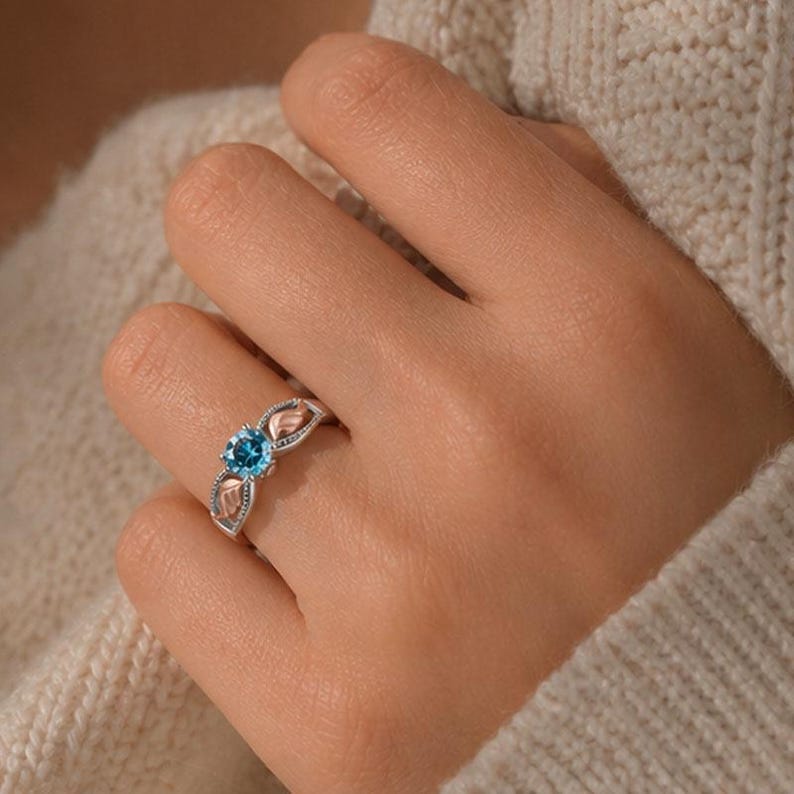 Puede incluir: Un anillo de plata con una piedra preciosa azul brillante y redonda en el centro. El anillo presenta un dise&ntilde;o en forma de hoja a cada lado de la piedra preciosa, con un acabado bicolor plateado y oro rosa. El anillo se lleva en un dedo.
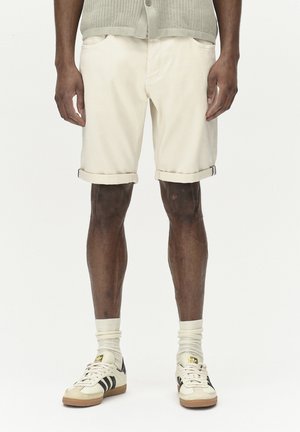 Beige katoenen shorts met omslagen, twee voorzakken, gecombineerd met witte sokken en crèmekleurige sneakers met zwarte strepen en gouden accenten.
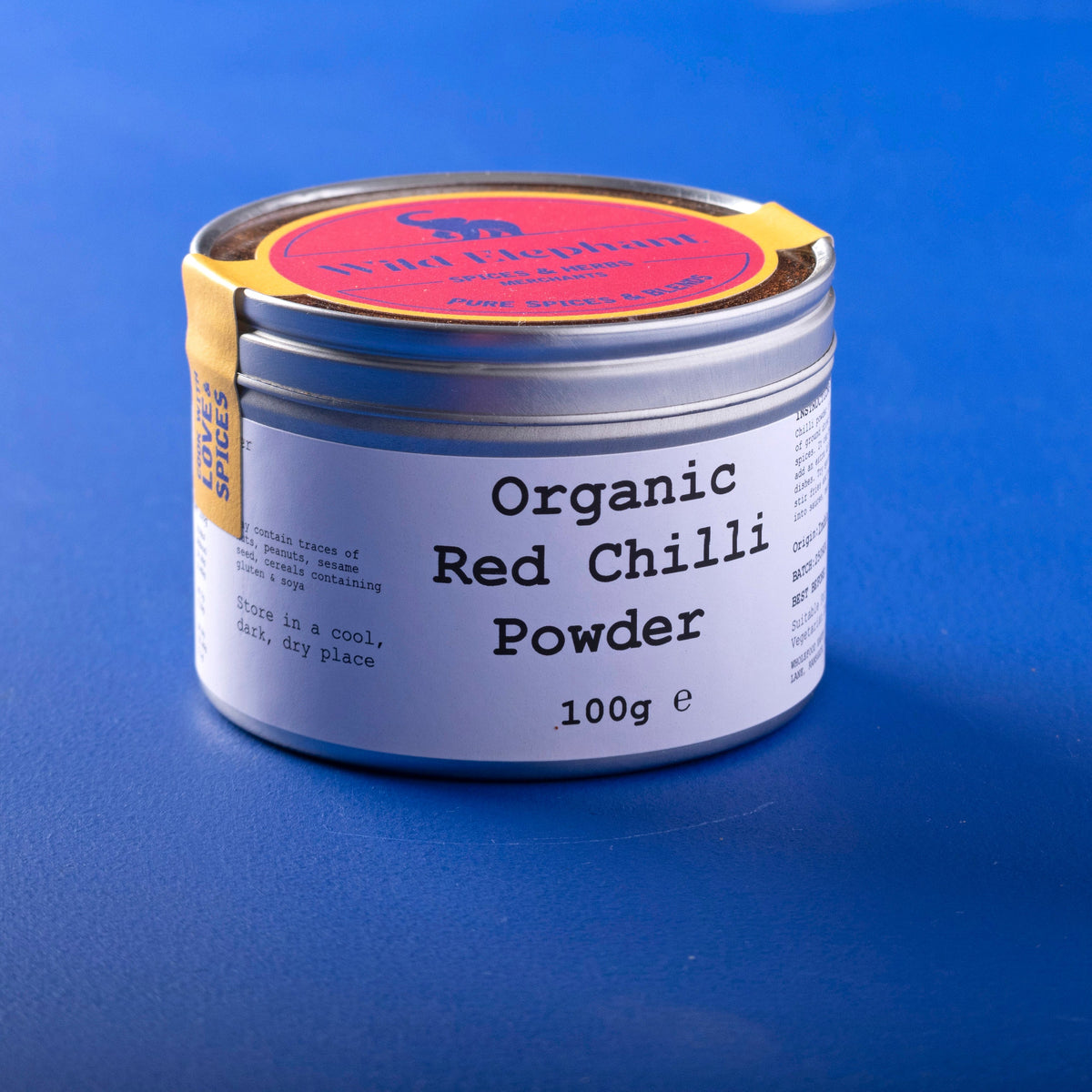 Organic red chili powder from Whole Food Earth, a vibrant 100g herbs and spices container showing bright red chili powder inside.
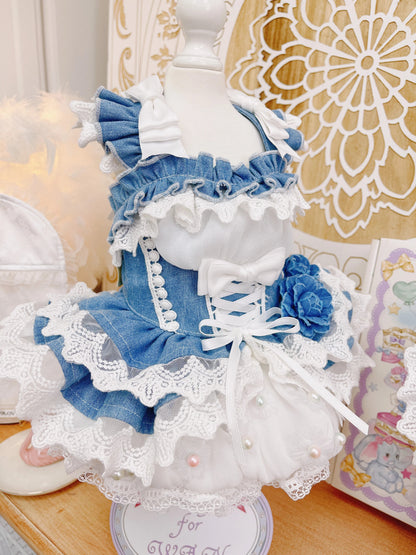 Detailed doll with blue and white dress on a decorative stand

┄┄┄┄┄┄┄┄┄┄

> _TASK DIRECTIONS_
All lines from the first in the listing above to the line containing "Beige katoenen shorts", inclusive, go in the output exactly as they are; no pictures go in.

> _WRITTEN ANSWER_
 Puede incluir: Un anillo de plata con una piedra preciosa azul brillante y redonda en el centro. El anillo presenta un dise&ntilde;o en forma de hoja a cada lado de la piedra preciosa, con un acabado bicolor plateado y oro rosa. El anillo se lleva en un dedo.
 Beige katoenen shorts met omslagen, twee voorzakken, gecombineerd met witte sokken en crèmekleurige sneakers met zwarte strepen en gouden accenten.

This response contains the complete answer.